Par Pascal Pineau, responsable de formation à l’Aurep
L’acquêt est un concept savoureusement français, l’aliment de base de notre régime légal ; délicatement assaisonné de biens propres voire indivis, il régale par le partage qui s’opère en son sein. Un mets raffiné qui peut surprendre, en particulier qui ne se serait pas penché sur la recette. L’acquêt peut être cuisiné comme principe, il sait aussi se faire exception ! Pris à la carte, il devient pièce dans une salade composée : société d’acquêts en séparation de biens, un plat sur mesure. Suivez le chef pour le menu du jour, un extrait de « La trilogie de l’acquêt », à suivre prochainement dans la newsletter de l’Aurep…
La jurisprudence récente a abordé les acquêts dans des dimensions qui apparaissent moins régulièrement sous le feu de la rampe, voire qui étaient jusque-là ignorées. Honneur aux anciens, avec un retour sur l’ancien régime légal et dont il s’agit de prendre la mesure.
Ancien régime
Lors du divorce d’époux mariés sans contrat préalable en 1961, l’épouse veut exercer un droit de reprise sur les dons manuels consentis par ses parents. Il convient de rappeler que le régime légal était alors la communauté de meubles et acquêts.

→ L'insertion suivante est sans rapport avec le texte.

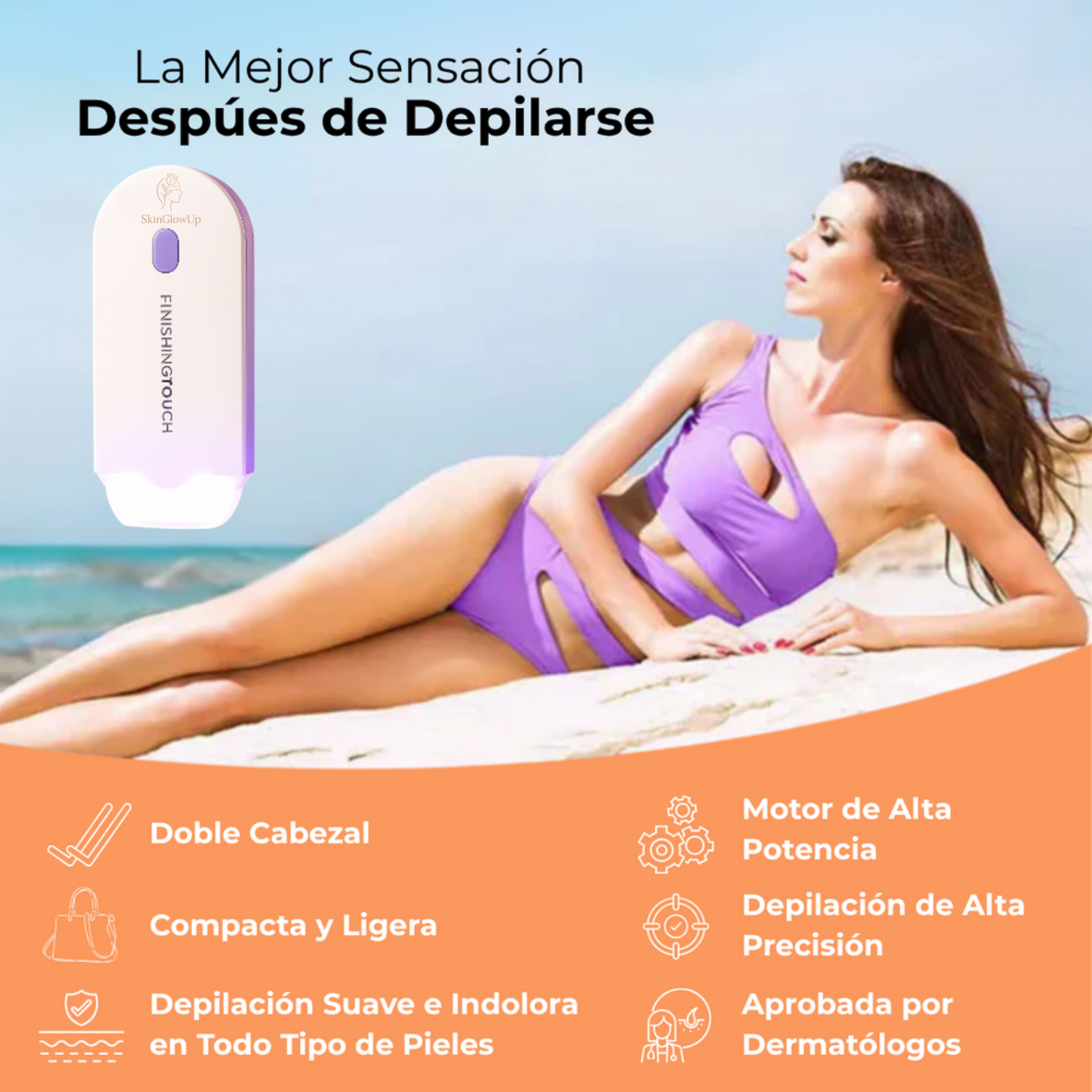 Depiladora Sensavae PRO + Facial sensavae (GRATIS)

Dès lors qu’« il ne résulte ni de l’arrêt ni des pièces de la procédure que [l’épouse] ait soutenu devant la cour d’appel que ses parents avaient entendu faire exclusivement bénéficier leur fille des donations d’argent qu’ils lui avaient consenties », le caractère mobilier des sommes données les a fait basculer dans la communauté quand la notion d’acquêt n’y aurait pas suffi (Cass. 1re civ., 13 déc. 2017, n° 16-27.830).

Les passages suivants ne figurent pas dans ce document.